§ Problem statement: Copy each line of the records exactly, stopping only after the line that contains "Peugeot 307 Griffe billede 4" has been written, and leave pictures out.

#### Records shown

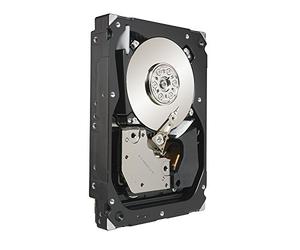 Seagate Cheetah 15K.7 White Label - Hard disk interno 8,9 cm 3,5 pollici, 15000 RPM, tempo di accesso 3,4 ms, cache 16 MB SAS II, capacità: 600 GB, modello: ST3600057SS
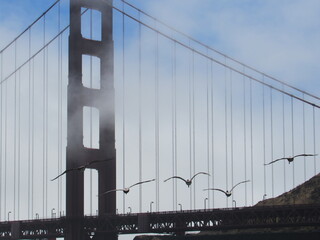 Fototapeta premium GOLDEN GATE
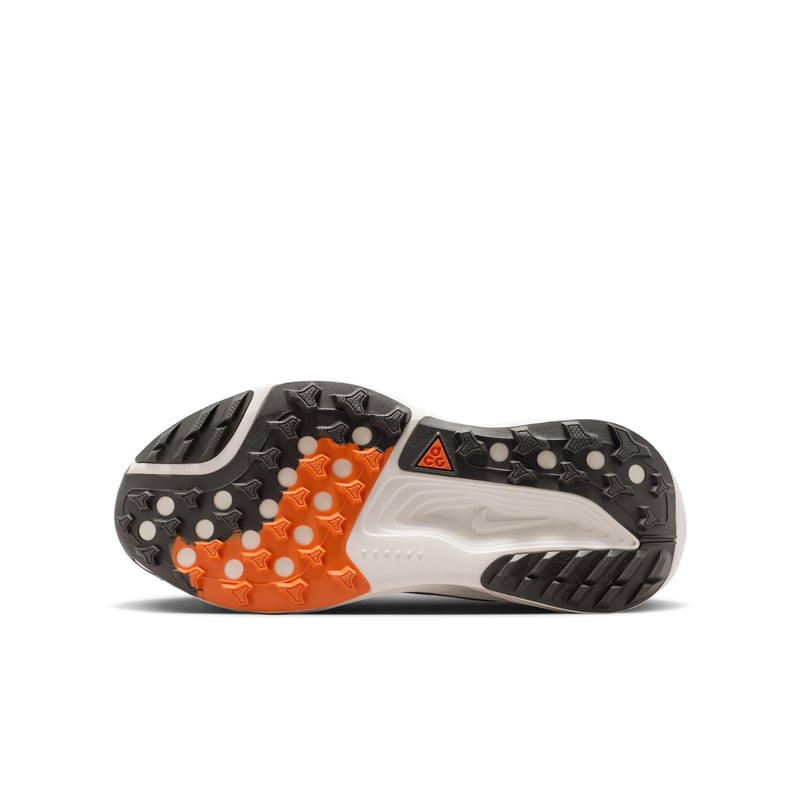 Nike ACG Pegasus IH2305-301 02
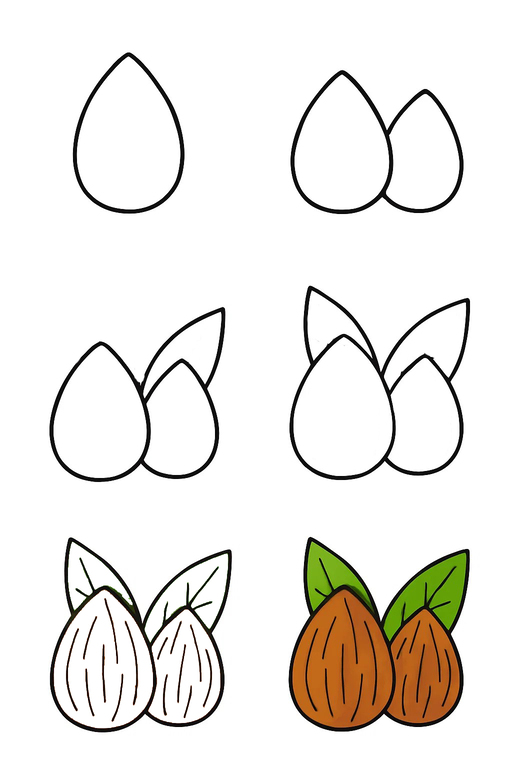 Almond Drawing Ideas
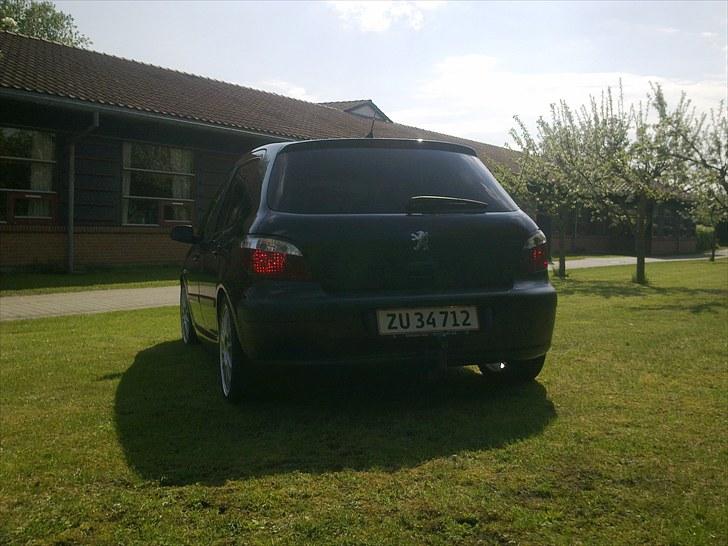 Peugeot 307 Griffe billede 4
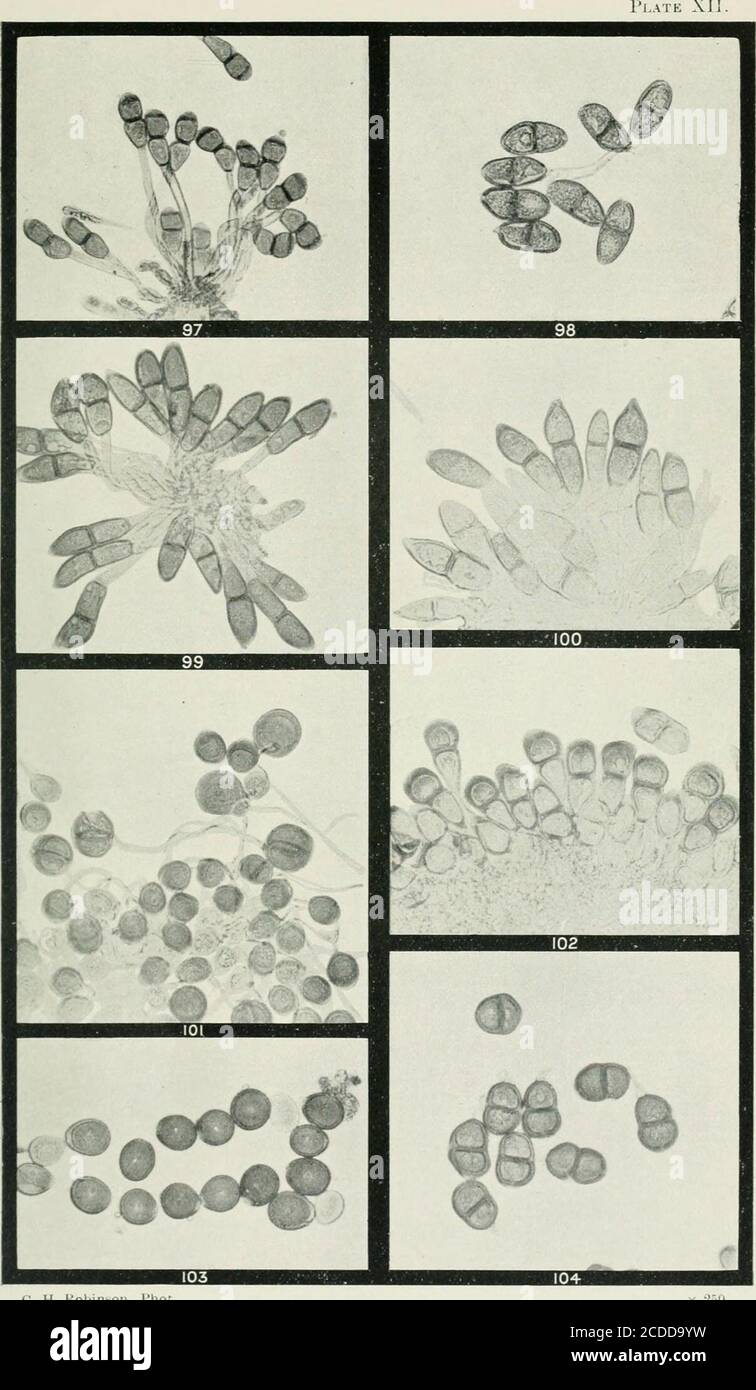 . The rusts of Australia, their structure, nature, and classification . &lt;;. II. Robinson, Phot. x -50- PUCCINiA.FICOIDEAE, POLYGONACEAE, and CHENOPODIACEAE. 264 /Explanation of Plates. PLATE XII. [All Figures X £50.) PUCCINIA.Fig. 97. Teleutospores of Puccinia arenariae on Stellaria media. 98. Teleutospores of P. flagianthi on Plagianthus sidoides, the epispore being slightly channelled. 99. Teleutospores (stained; of P. malvacearum on Malva rotundifi 100. Teleutospores and mesospore of P. malvacearum on Lavatcra flfbcia. 101. Teleutospores, mostly one-celled, of P. liettrospora on Abutilon Stock Photo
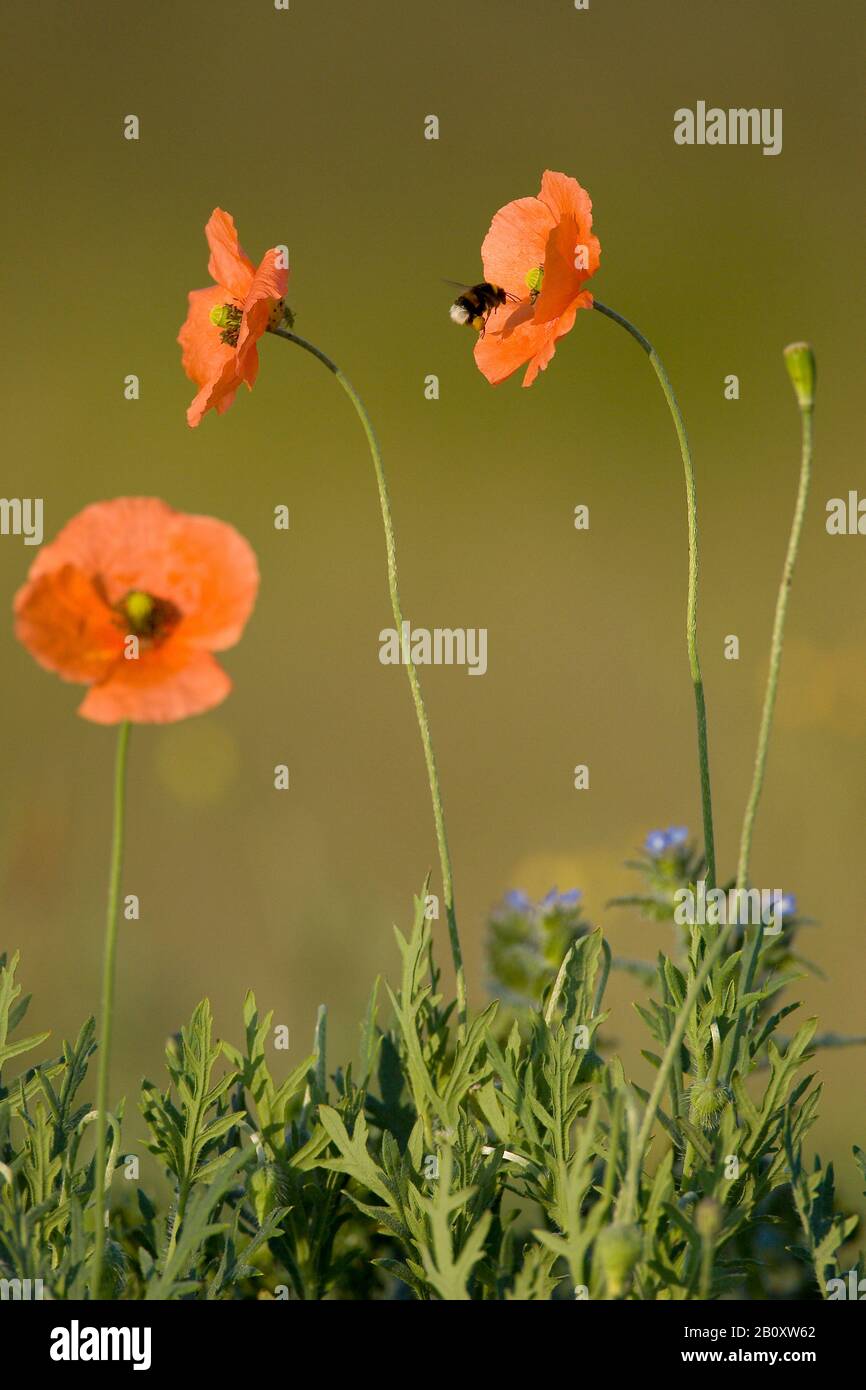 long-headed poppy, field poppy (Papaver dubium), with bumble bee, Netherlands Stock Photo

########

§ Written solution:
 Seagate Cheetah 15K.7 White Label - Hard disk interno 8,9 cm 3,5 pollici, 15000 RPM, tempo di accesso 3,4 ms, cache 16 MB SAS II, capacità: 600 GB, modello: ST3600057SS
 Fototapeta premium GOLDEN GATE
 Nike ACG Pegasus IH2305-301 02
 Almond Drawing Ideas
 Peugeot 307 Griffe billede 4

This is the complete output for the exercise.